Diketahui, keduan pelaku tersebut adalah FPP (31), warga Desa Karangduren, Kecamatan Pakisaji, Kabupaten Malang dan MA (31) warga Desa Banggle, Kecamatan Kanigoro, Kabupaten Blitar.

Kapolres Malang, AKBP Bagoes Wibisono menjelaskan, kedua pelaku didapati telah melakukan pencurian rel kereta api cadangan di area Kebun Sengon RT 05/RW 03, Kelurahan Ardirejo, Kecamatan Kepanjen.

“Setelah mendapat laporan, Reskrim Polsek Kepanjen langsung bergerak ke TKP. Aksi kedua tersangka dipergoki oleh petugas jaga dan Polsuska ketika sedang berpatroli. Selanjutnya mereka diamankan di Polsek Kepanjen untuk diproses lebih lanjut,” ujarnya, Jumat (20/8/2021).

Curi 10 Potong Rel

Disebutkan, petugas juga mengamankan barang bukti curian berupa 10 potong rel kereta api cadangan. Di mana tiap potong rel terdebut memiliki ukuran panjang sekitar 1,5 meter.

Selain itu, petugas juga mengamankan satu unit pick up Daihatsu Zebra bernomor polisi N 8824 DH, satu tabung gas LPG 3 kilogram, dua tabung oksigen, satu set blander atau alat pemotong besi.

“Rel yang mereka curi ini sudah dipotong-potong menjadi 10 potong berukuran sekitar 1,5 meter. Semua barang bukti ini kami amankan guna menguatkan persangkaan,” paparnya.

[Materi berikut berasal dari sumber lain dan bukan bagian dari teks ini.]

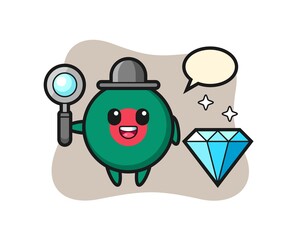 Illustration of bangladesh flag badge character with a diamond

Akibat perbuatannya, Bagoes mengatakan bahwa kedua pelaku dijerat dengan Pasal 363 KUHP tentang pencurian dengan pemberatan. Di mana ancaman hukumannya 7 tahun penjara.

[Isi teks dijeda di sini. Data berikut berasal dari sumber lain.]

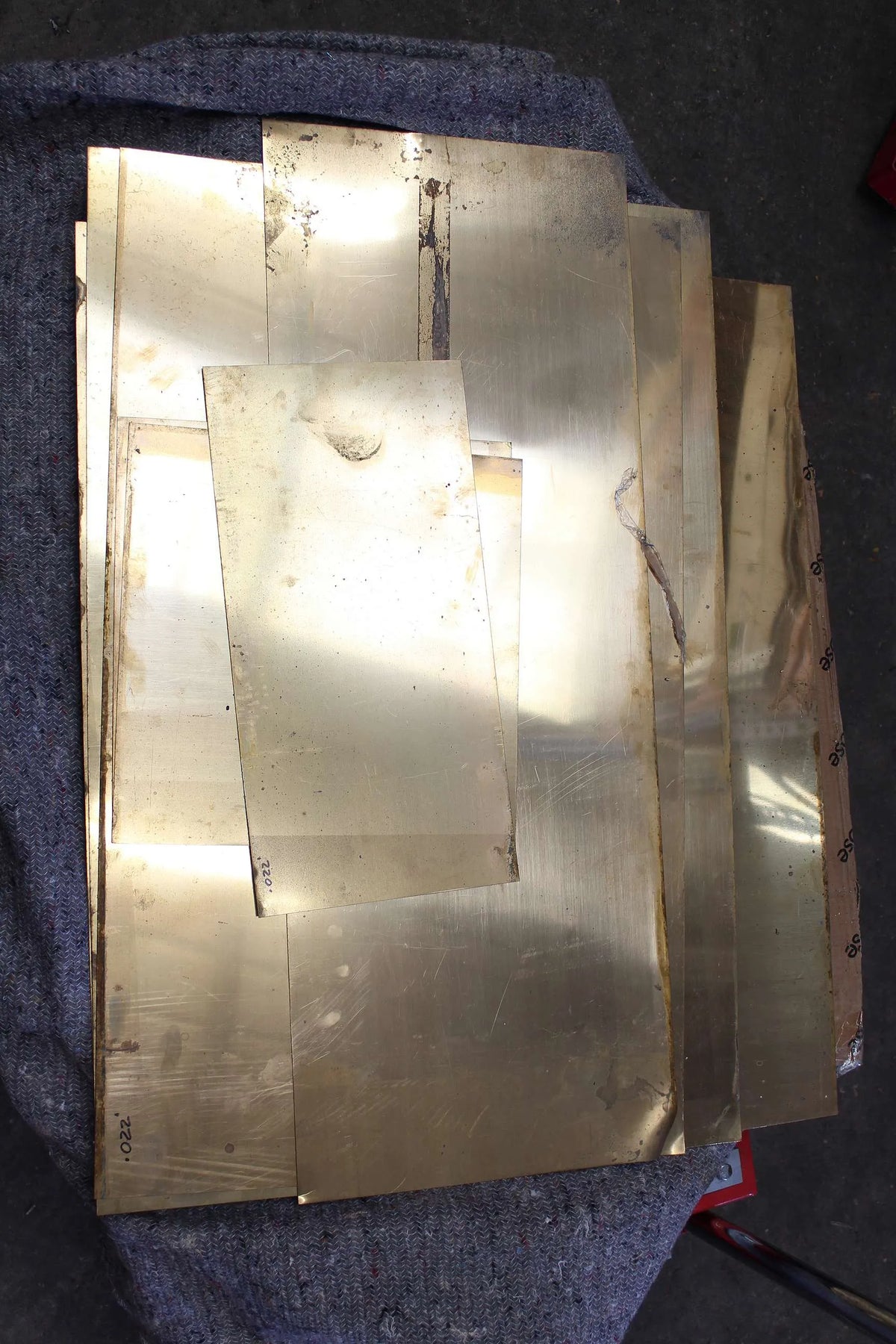Seven brass sheets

Bagoes menegaskan, pihaknya juga tengah melakukan pengembangan untuk mencari keterlibatan pelaku lain. Di mana memang disinyalir ada keterlibatan dari oknum karyawan PT. KAI lainnya.

“Diduga ada keterlibatan oknum PT KAI. Untuk oknum ini masih dilakukan upaya penyelidikan dan penyidikan, masih terus berlanjut. Untuk penadah juga masih kita telusuri,” tegasnya.